**Information supplied**
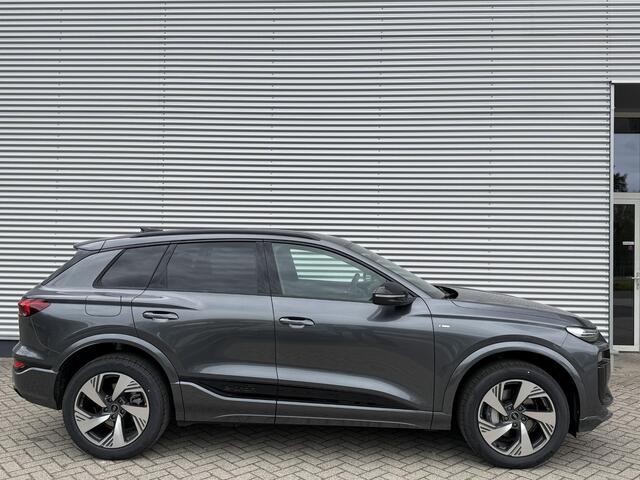 Audi Q6 e-tron S edition (B1) e-tron 83Kwh 185 kW / 252 PK SUV E | Luchtvering | Matrix Verlichting | Stoelverwarming | Stuurwiel Verwarming | Getint Glas | Fiscale Waarde ¤63.755,00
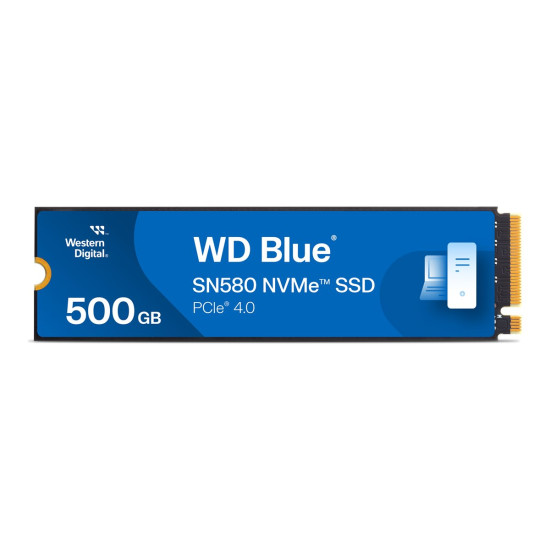 Вътрешен SSD диск WESTERN DIGITAL Blue SN580 NVMe SSD 500GB M.2 PCIe Gen4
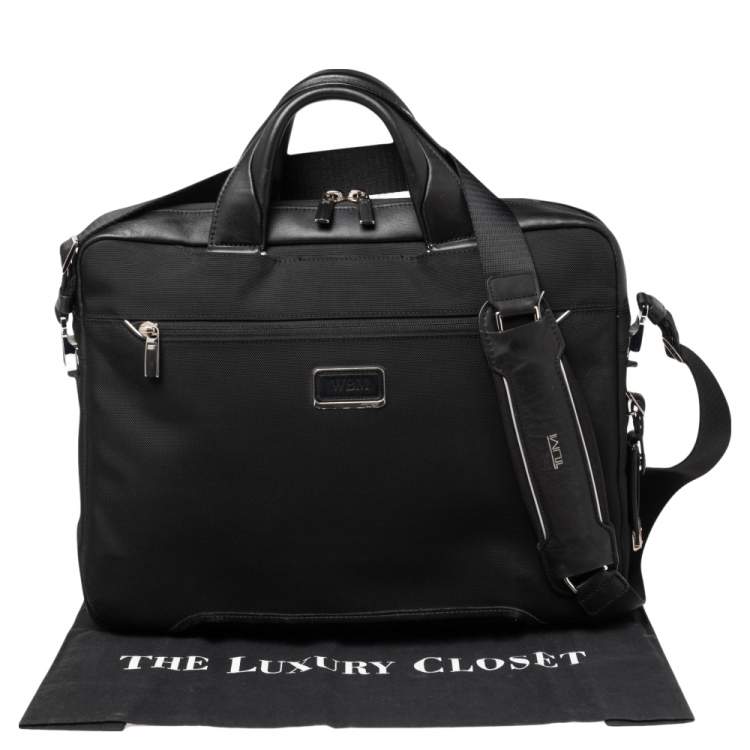Pre Owned TUMI Black Nylon Laptop Bag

**About this task**
Please retype the material above exactly, and omit its images.

**Result of the exercise**
 Audi Q6 e-tron S edition (B1) e-tron 83Kwh 185 kW / 252 PK SUV E | Luchtvering | Matrix Verlichting | Stoelverwarming | Stuurwiel Verwarming | Getint Glas | Fiscale Waarde ¤63.755,00
 Вътрешен SSD диск WESTERN DIGITAL Blue SN580 NVMe SSD 500GB M.2 PCIe Gen4
Pre Owned TUMI Black Nylon Laptop Bag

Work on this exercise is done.